Candice Wyatt (born 8 October 1982) is an Australian journalist and news presenter for Melbourne's Ten Eyewitness News. She has worked for the broadcaster since October 2010.

Career
After graduating from VCE in the rural Victorian town of Terang Candice Wyatt completed a Bachelor of Arts Journalism at Deakin University in Geelong. From 2003–2005 Candice worked at Melbourne’s Werribee Times newspaper. In 2006 she moved interstate and began her broadcast journalism career at TNT a Seven Network affiliated TV station in Tasmania.

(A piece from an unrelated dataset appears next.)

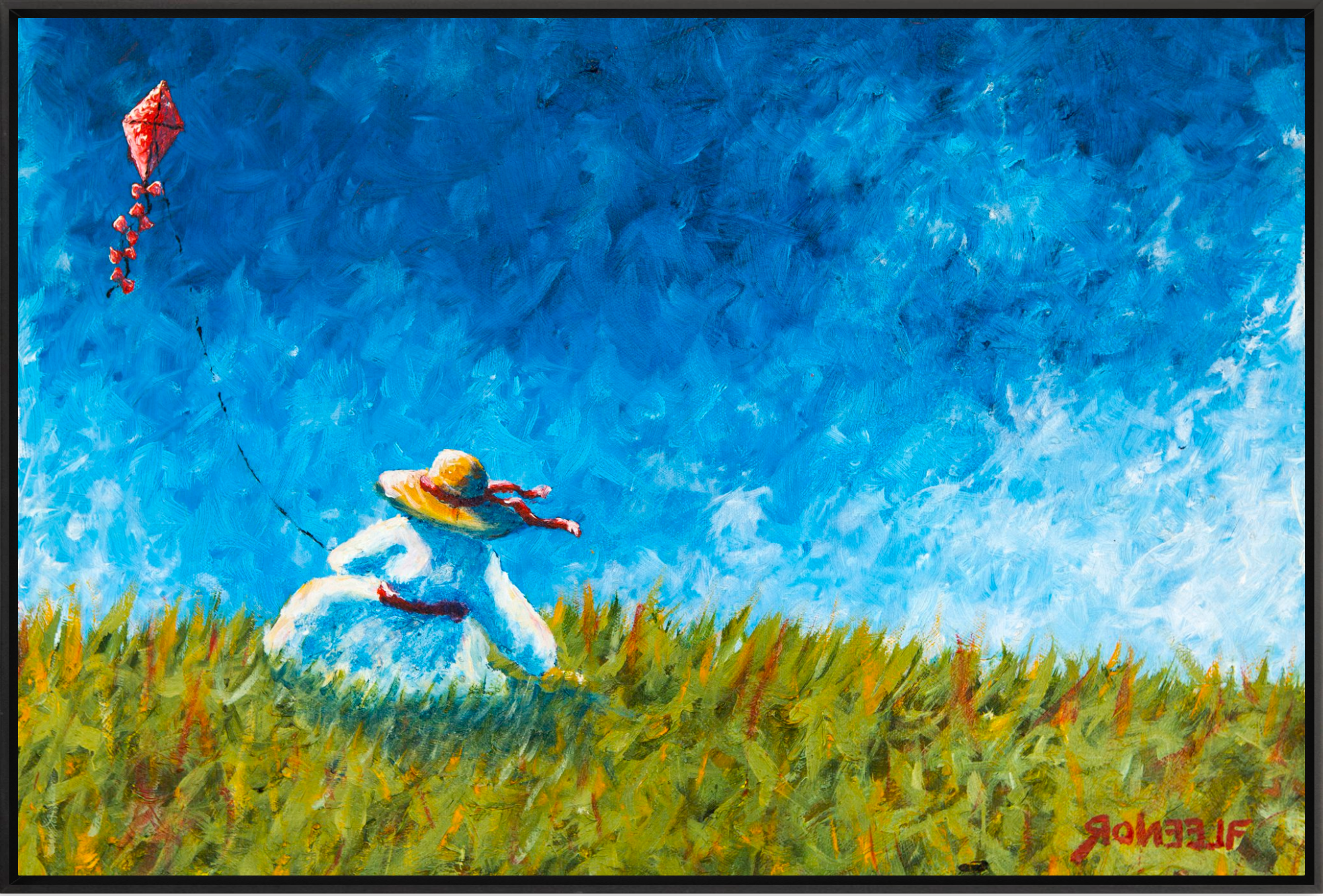 #Framed Canvas_36x24”_Black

While in Tasmania she reported on the Beaconsfield Mine Disaster which made international news headlines. In 2008 she moved to ABC Ballarat where she later became the Senior Journalist for the ABC rural bureau.

In 2010 Wyatt joined the Ten Network at its Melbourne station ATV10. For two years she was the station's crime reporter for Ten News Melbourne . In this role she reported on Jill Meagher's tragic death. She also chased drug mules to Malaysia and Indonesia and covered the disappearance of flight MH370. She was the first reporter to go live from Bali as Schapelle Corby was released from prison. Wyatt has also appeared on the Network's current affairs show The Project as a reporter and co-host.

In November 2014 she became the permanent co-anchor for Melbourne's Ten Eyewitness News with Stephen Quartermain. Wyatt co-anchored the bulletin until February 2017, when she returned to field reporting, She remains a fill-in presenter for the bulletin.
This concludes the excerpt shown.